According to him, “the fight against money laundering, terrorism financing and related economic and financial crimes has become a major barometer for good governance, meaningful economic development and enduring national security.
“Against this backdrop, Nigeria has remained steadfast in its commitment to give support to GIABA in all its activities.”
Nigeria spearheaded its founding, and as the largest contributor to the ECOWAS, ensured that the institution has sufficient funding to carry out its mandate.

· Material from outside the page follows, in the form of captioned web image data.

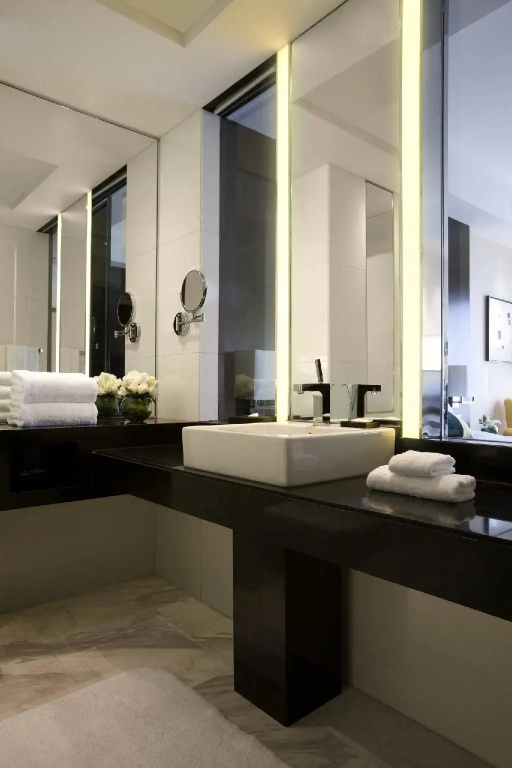 Courtyard by Marriott Beijing Northeast - Général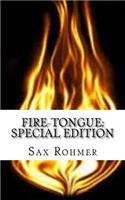 Fire-Tongue: Special Edition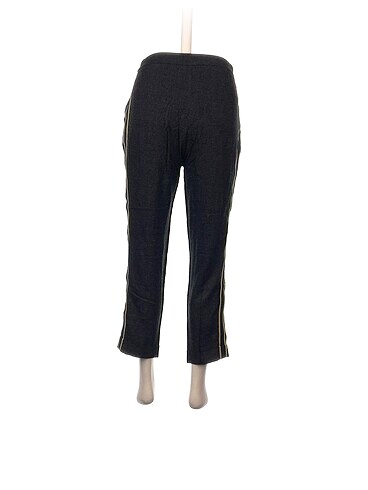 34 Beden Twist Kumaş Pantolon %70 İndirimli.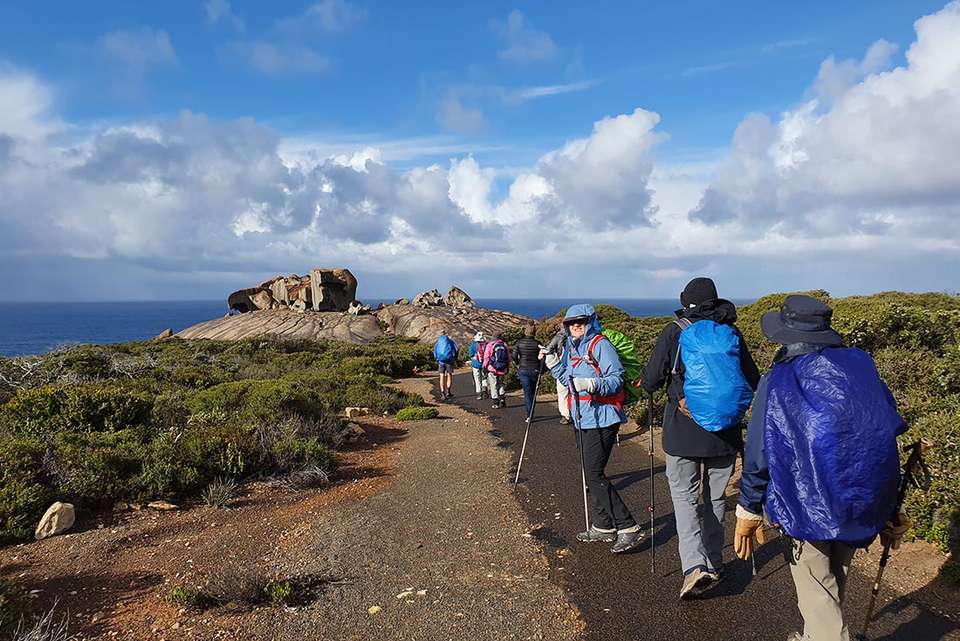 Hike the Kangaroo Island Wilderness Trail - Intrepid Travel - Australia - Image 4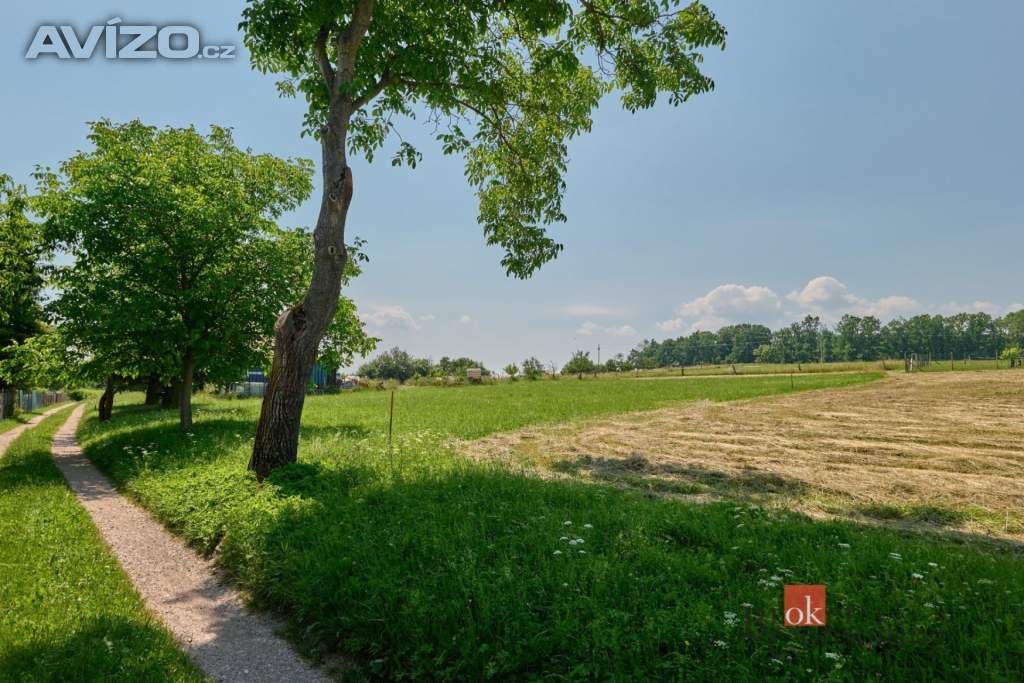 Foto inzerátu Prodej stavebního pozemku 527 m², Rychnov nad Kněžnou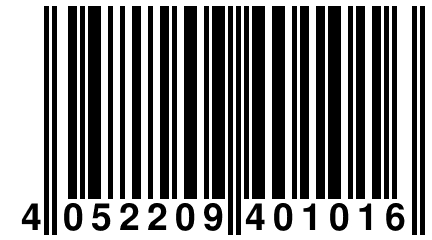 4 052209 401016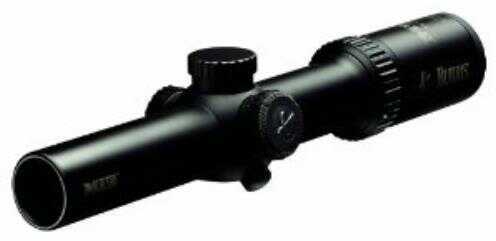 Burris MTAC 1-4X24 30mm Ill Ff3 Pepr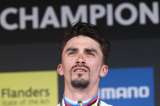 Julian Alaphilippe anunció su retiro: así termina la carrera de una leyenda del ciclismo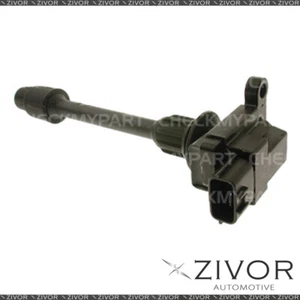 HITACHI Ignition Coil For Nissan Pulsar 2.0 GTI-R 4x4 (N14) 1990-1995 #IGC-181 - Picture 1 of 1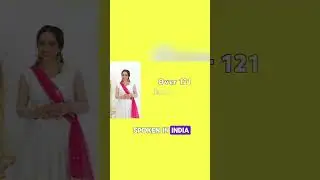 Fun Fact about India Pt. 3 | Indian Culture for kids education | #shorts #india #hindi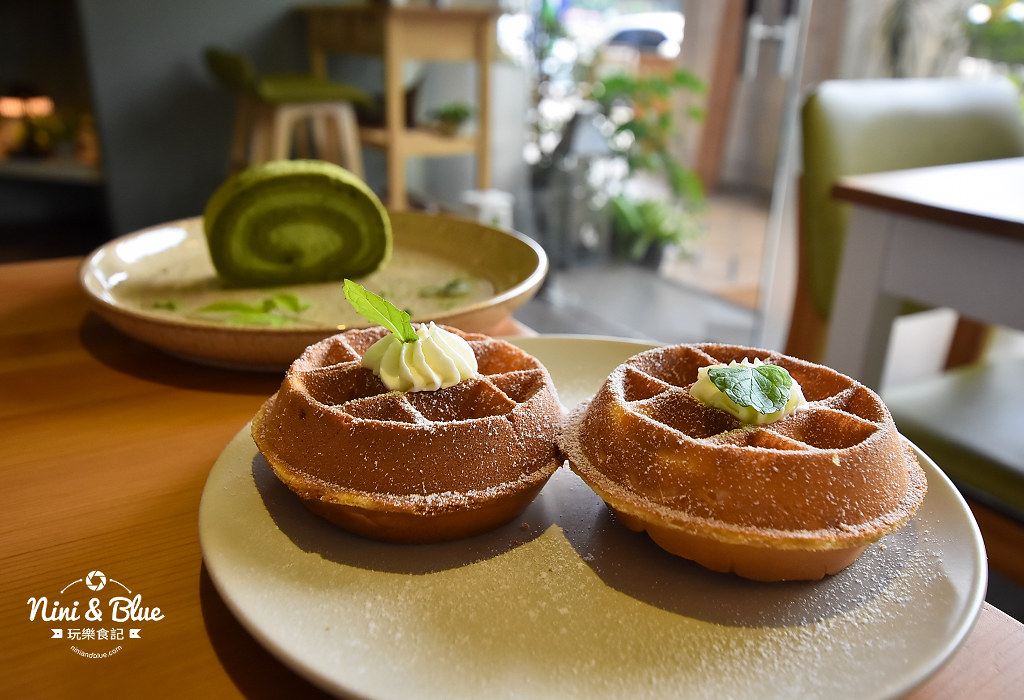 Yasumi cafe.台中南區咖啡館08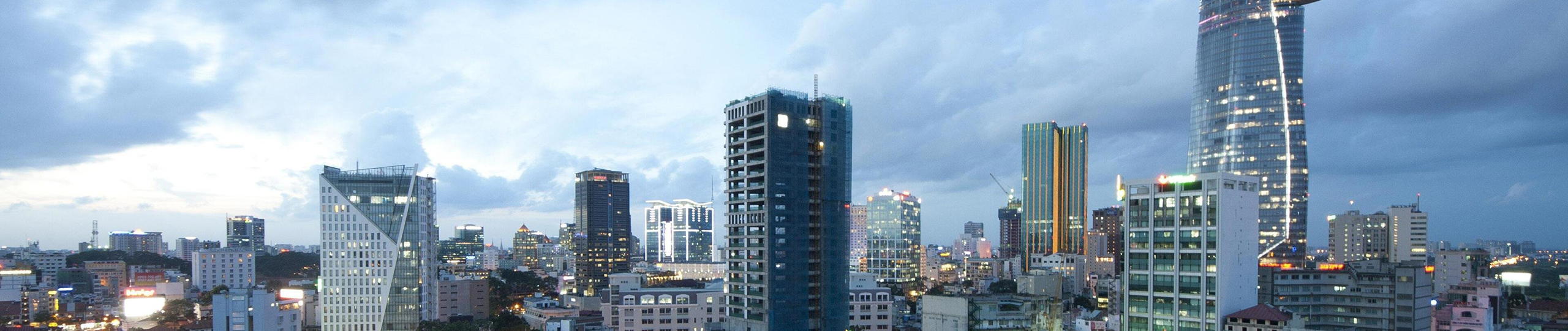 Vietnam Short Break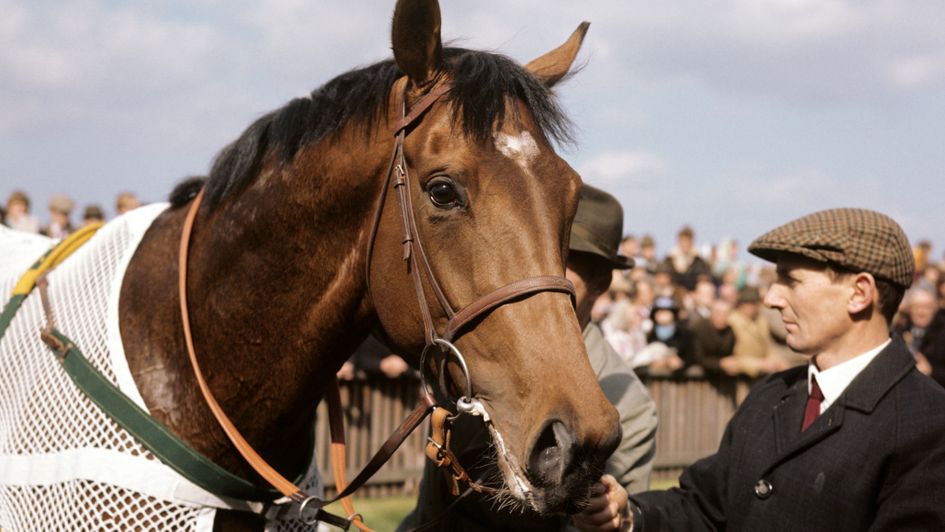 Nijinsky: The greatest Derby winner of them all?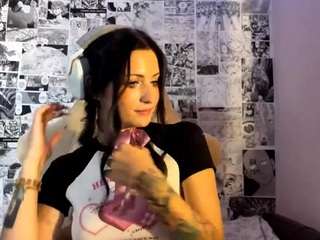 alessiajohnson webcam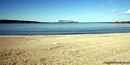 Budoni: baia Sant’Anna: la spiaggia di Portu Ainu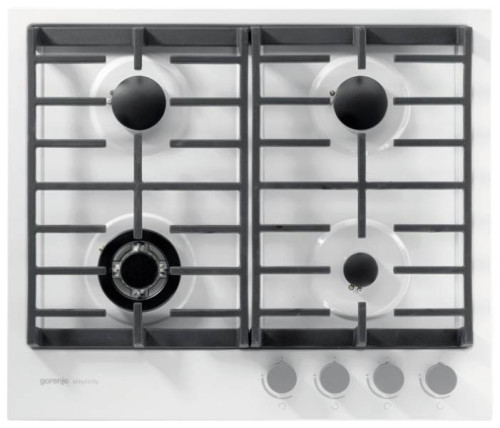 Газовая варочная панель Gorenje (Горенье) G 6 SY2W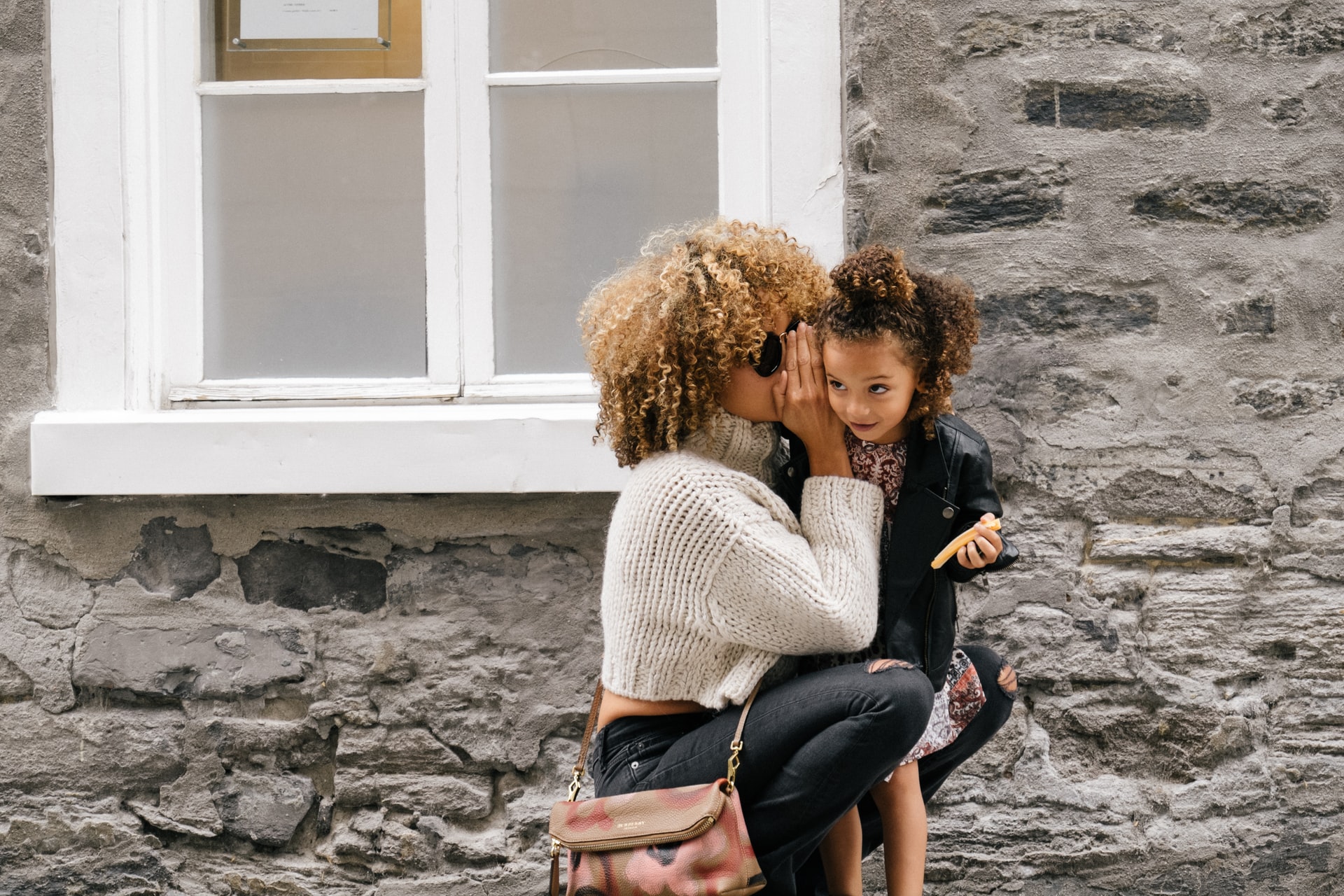 Fête des mères : les mamans à l’honneur !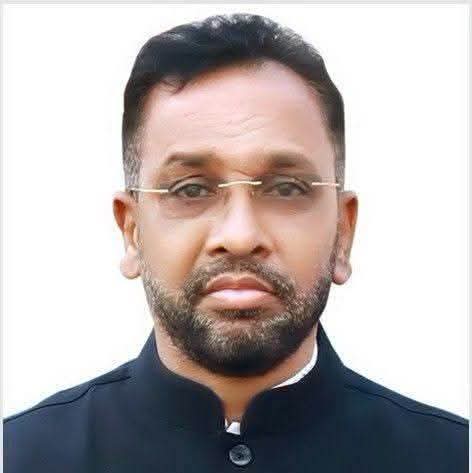 শ্রীপুর পৌর আওয়ামী লীগের সভাপতি গ্রেপ্তার
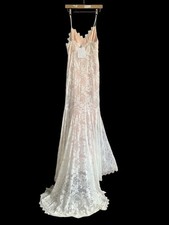 Abito da sposa firmato Zemi
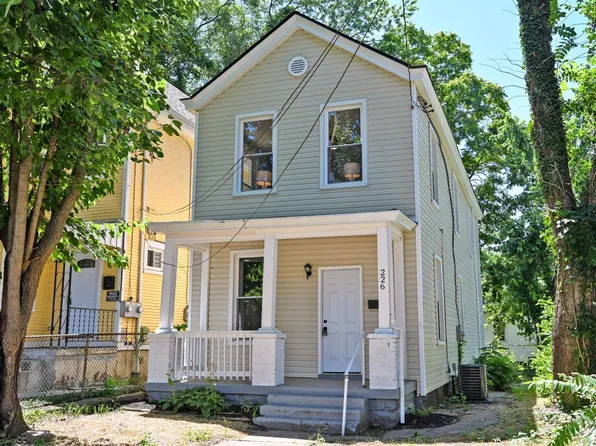 226 Congress Ave, Cincinnati, OH 45226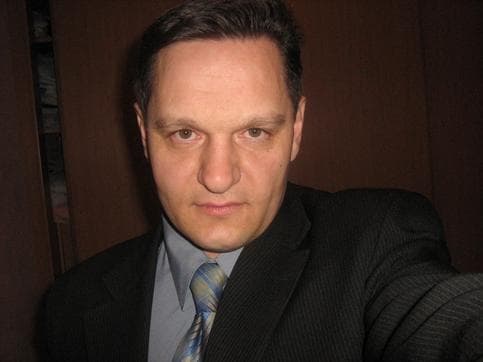 Кочетков Дмитрий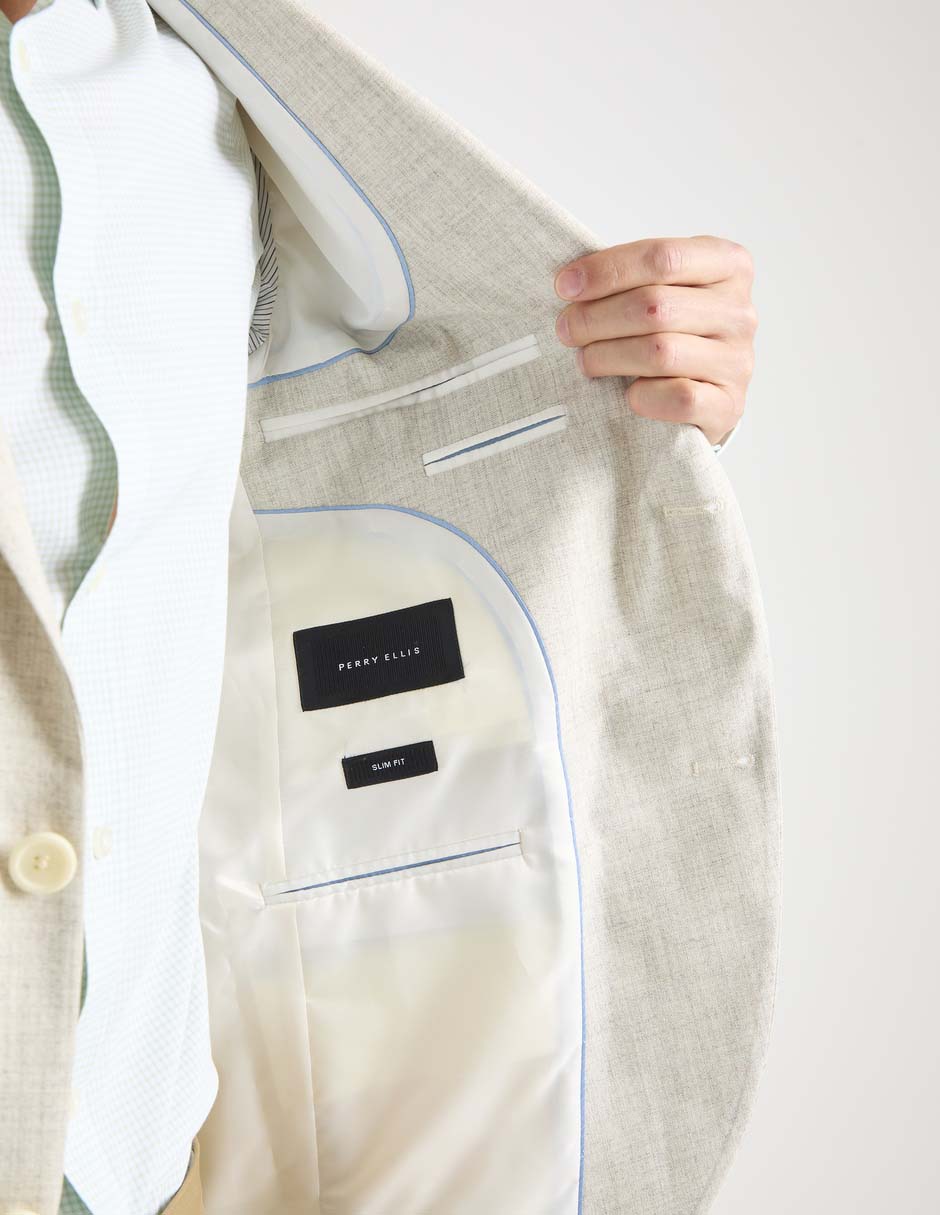 Saco business casual para hombre 5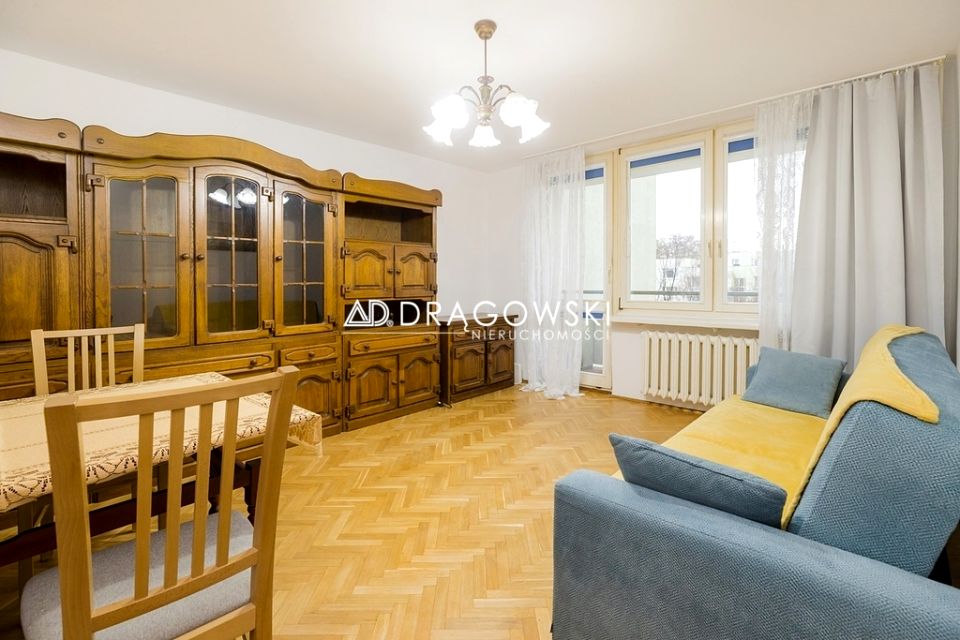 Mieszkanie Warszawa wynajem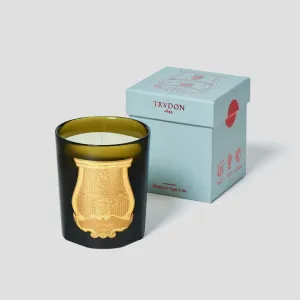 Cire Trudon | Solis Rex Classic Scented Candle (Versailles Wooden Floors)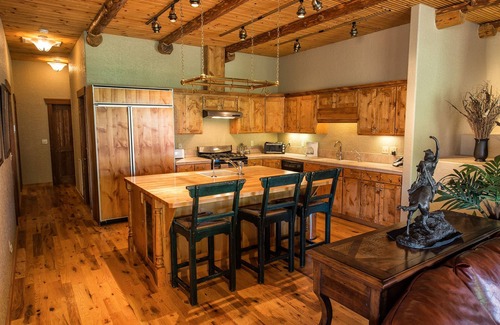 Moab Resort | Sorrel River Ranch Resort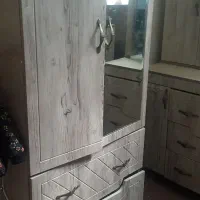 فروش یکجا و تکی وسایل منزل(تمیز و سالم)|میز تلویزیون|بیرجند, |دیوار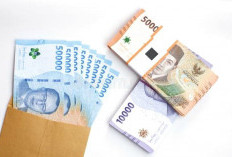  Menjelang Lebaran 2026, Ini Ketentuan Pembayaran THR bagi Pekerja di Indonesia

“Nigeria has taken several practical steps to address the challenges of money laundering and terrorism financing. The federal government has put in place necessary legal, regulatory and institutional framework to facilitate the implementation of Anti-Money Laundering, AML, and Combating the Financing of Terrorism, CFT, regime, so as to engender regional economic growth, socio-economic development, political stability and integration, especially in the face of global economic crisis.
“The establishment of the EFCC and the ICPC represents a practical approach to the prevention and control of financial crimes based on international conventions and best practices.
“Today the EFCC is a model law enforcement agency in the sub-region in the fight against money laundering, so far it has successfully convicted over 400 persons and recovered over eleven billion U.S dollars.
“The federal government has a zero-tolerance policy on corruption and financial crimes, and will continue to provide these institutions with all the necessary resources and create the enabling environment for them to carry out their functions optimally within the ambit of the rule of law”, read the speech, delivered by the Minister of Interior, Emmanuel Iheanacho.
Earlier, the Director General of GIABA, Dr Abdullahi Shehu, in his own address, bemoaned the fact that “the political, economic and social climate in West Africa has been a more fertile ground for the scourges of money laundering and terrorism financing, compounded by conflicts, weakened state apparatus, drugs and human trafficking, porous borders and informal economic networks”.
“The expression of political will from member states was often not followed by concrete actions that could convince the international community. The recent emergence of AQUIM in our northern border raises further concern among the international community as it combines terrorism and drug trafficking.
“Therefore we must stay committed within the framework of our new strategic cycle to strengthen our capacities for action and develop those of member states, so as to raise our region to the highest international standards.
“Significant results have been achieved but considering what yet remains to be done, we cannot be fully satisfied”, he added.